Por fim, encontramos Breves ingressando dentro da polícia militar e acumulando
funções ao mesmo tempo que exercia a profissão de curandeiro. Ele utiliza o poder que
lhe é atribuído e constrói uma milícia que o permita manter a ordem em sua área de
atuação, entre essas ações de ordem, as que destacamos na pesquisa foi a ação de forçar
Arthur Ignácio a votar, sendo que o mesmo alegava ser votante em outra região, o que
gerou uma confusão generalizada acarretando a prisão de Arthur; e a ação de Breves de
mandar prender outro curandeiro que atuava na mesma região que ele. Ou seja, Breves
utiliza seu poder não só para manter a ordem, mas também para proteger suas ações
ilícitas diante do poder jurídico.
Também vimos que poucas foram as mudanças das ações de Breves antes e
depois de ingressar na polícia militar. Agora, com mais poderes, ele não abandona o
exercício de curandeiro e utiliza seu prestígio para afastar inimigos e concorrentes. Esta
análise nos permitiu concluir que as relações sociais, no Rio de Janeiro da Primeira
República, eram dadas de forma multilateral e não de forma unilateral, na qual só existe
o perseguidor e o perseguido, sem que houvesse outros fatores e entendimentos.
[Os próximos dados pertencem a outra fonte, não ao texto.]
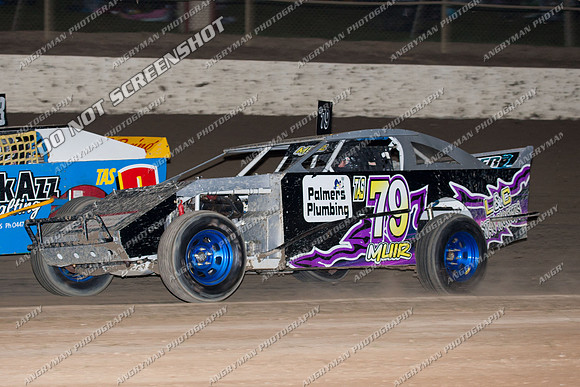amca 79 - 4 - Latrobe 27th Oct 2012-3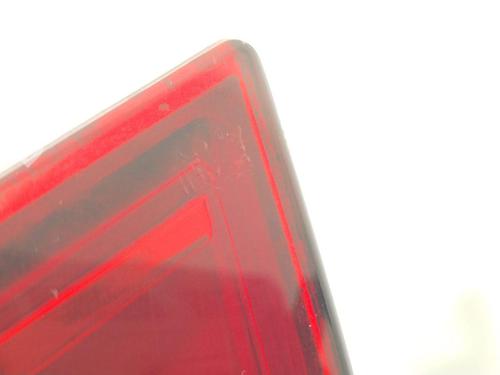 Right tailgate light AUDI A4 B8 Avant (8K5) 2.0 TDI | BP27995119C80 - Image 3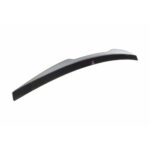 Prelungire eleron compatibilă cu Maserati Quattroporte (09-12) Maxton Design — imaginea 5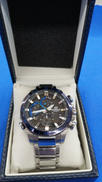時計|CASIO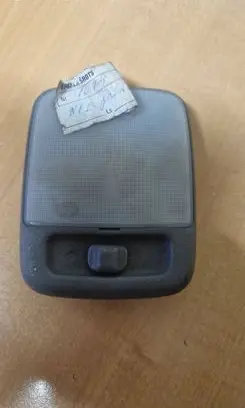 Nissan Primera Interior lighting switch 2641090J00 2641090J02 2641090J01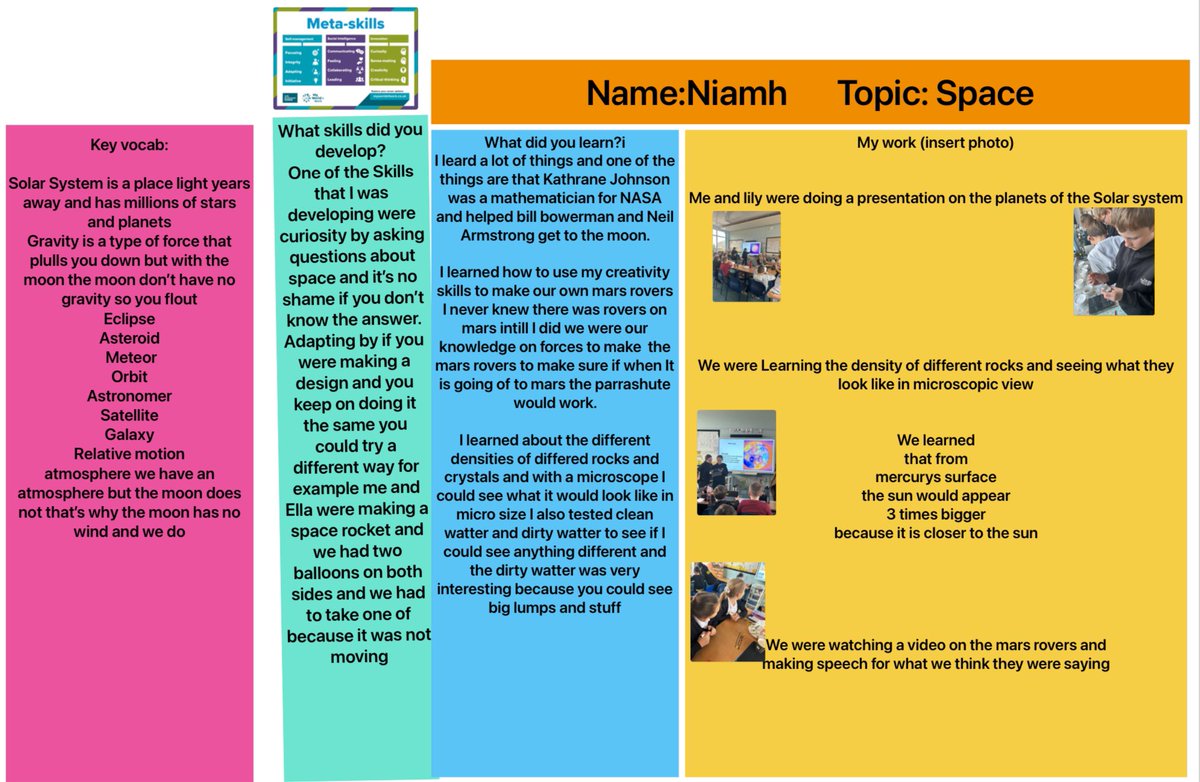 KPS Primary 6M tweet media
Isto posto, a resposta para nossa pergunta central – Qual era o retrato das
relações sociais no Rio de Janeiro nas primeiras décadas da república, através da ótica
do curandeiro Juca Breves? – gira em torno do argumento de que as práticas culturais
permitiram um maior contato entre membros da elite política, intelectual e indivíduos
comuns. Tal contato contribuiu para a construção de ações de resistência e luta ao longo
deste período. Isto é, embora as instituições do estado buscassem implementar, mesmo
através da repressão, uma lógica republicana científica, diversos indivíduos sócios aqui
apresentados articulavam-se entre si defendendo uma ou outra lógica que possibilitava a
construção de novas visões de mundo, e novas formas de saber e vivência.